Example 2

$Setup(1^{\lambda},N)$: This function outputs $pp=PC.Setup(1^{\lambda},d)$.

We consider an input $x$ with size of 32. Hence, $n_i=32$. Considering a program which requires 4 gates for its arithmatization, we have $n_g=4$. In this example, the maximum number of registers which are changed during the execution is $n_r=2$ (Please see Example 2 in the Commitment phase). If the computation is done in $\mathbb{F}$ of order $p=4,767,673$, $|\mathbb{F}|=4,767,673$. Also,$|\mathbb{H}|=n=n_g+n_i+1=37$. Also, $b$ is a random number in {1,...,$|\mathbb{F}|-|\mathbb{H}|$}=$\{1,...,(4,767,673-37)=4,767,636\}$ such as $b=2$. Also, $m=2n_g=8$, $|w|=n_g-n_r=2$, $|\mathbb{K}|=m=8$. Hence:

$d=\{d_{AHP}(N,i,j)\}_{i\in[k_{AHP}]\bigcup\{0\},j\in[s_{AHP}(i)]}=\{8,8,8,8,8,8,8,8,8,4,39,39,39,40,75,36,38,36,36,7,42\}$

Now, we run $KZG.\hspace{1mm}Setup(1^{\lambda},d)$, considering a generator of $\mathbb{F}$, $g=5$, for each element in $d$:

$KZG.Setup(1^{\lambda},138)=(ck,vk)=(\{g\tau^i\}_{i=0}^{137},g\tau)$ that for secret element $\tau=119$ and generator $g=5$ outputs $ck=\{g\tau^i\}_{i=0}^{137}=(5,595,...)$ and $vk=595$.

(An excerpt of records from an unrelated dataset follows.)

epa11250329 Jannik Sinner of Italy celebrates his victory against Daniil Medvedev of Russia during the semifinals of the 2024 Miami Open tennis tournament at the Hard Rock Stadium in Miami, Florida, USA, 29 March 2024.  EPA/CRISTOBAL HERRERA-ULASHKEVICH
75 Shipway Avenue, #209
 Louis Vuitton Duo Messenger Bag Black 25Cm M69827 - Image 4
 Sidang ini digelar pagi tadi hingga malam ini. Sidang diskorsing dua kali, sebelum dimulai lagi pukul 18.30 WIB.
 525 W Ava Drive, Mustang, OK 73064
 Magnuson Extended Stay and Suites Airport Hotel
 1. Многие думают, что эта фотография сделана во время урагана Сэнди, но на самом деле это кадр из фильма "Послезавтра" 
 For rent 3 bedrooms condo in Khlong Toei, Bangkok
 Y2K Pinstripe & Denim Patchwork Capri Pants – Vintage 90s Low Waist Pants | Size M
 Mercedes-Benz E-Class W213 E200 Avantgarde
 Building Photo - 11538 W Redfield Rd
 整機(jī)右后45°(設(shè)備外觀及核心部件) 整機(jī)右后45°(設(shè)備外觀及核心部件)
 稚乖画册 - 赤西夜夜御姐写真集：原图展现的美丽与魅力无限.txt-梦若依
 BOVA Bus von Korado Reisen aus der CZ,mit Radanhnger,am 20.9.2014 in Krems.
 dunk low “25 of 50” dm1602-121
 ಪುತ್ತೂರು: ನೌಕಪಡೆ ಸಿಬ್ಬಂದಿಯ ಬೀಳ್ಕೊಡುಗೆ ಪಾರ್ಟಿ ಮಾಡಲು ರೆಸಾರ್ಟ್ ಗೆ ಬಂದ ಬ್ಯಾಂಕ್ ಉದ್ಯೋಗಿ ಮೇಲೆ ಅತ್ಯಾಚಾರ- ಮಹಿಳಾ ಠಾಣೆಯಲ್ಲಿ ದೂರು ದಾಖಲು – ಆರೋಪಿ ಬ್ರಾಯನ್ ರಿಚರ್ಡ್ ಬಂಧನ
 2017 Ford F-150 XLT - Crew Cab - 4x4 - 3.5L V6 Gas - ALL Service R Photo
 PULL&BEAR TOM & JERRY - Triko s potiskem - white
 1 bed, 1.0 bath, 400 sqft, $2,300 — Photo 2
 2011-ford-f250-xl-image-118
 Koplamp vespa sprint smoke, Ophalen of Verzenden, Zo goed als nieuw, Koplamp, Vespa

$KZG.Setup(1^{\lambda},4)=(ck,vk)=(\{g\tau^i\}_{i=0}^{3},g\tau)$ that for secret element $\tau=119$ and generator $g=5$ outputs $ck=\{g\tau^i\}_{i=0}^{3}=(5,595,...)$ and $vk=595$.

$KZG.Setup(1^{\lambda},39)=(ck,vk)=(\{g\tau^i\}_{i=0}^{38},g\tau)$ that for secret element $\tau=119$ and generator $g=5$ outputs $ck=\{g\tau^i\}_{i=0}^{38}=(5,595,...)$ and $vk=595$.

$KZG.Setup(1^{\lambda},40)=(ck,vk)=(\{g\tau^i\}_{i=0}^{39},g\tau)$ that for secret element $\tau=119$ and generator $g=5$ outputs $ck=\{g\tau^i\}_{i=0}^{39}=(5,595,...)$ and $vk=595$.

$KZG.Setup(1^{\lambda},75)=(ck,vk)=(\{g\tau^i\}_{i=0}^{74},g\tau)$ that for secret element $\tau=119$ and generator $g=5$ outputs $ck=\{g\tau^i\}_{i=0}^{74}=(5,595,...)$ and $vk=595$.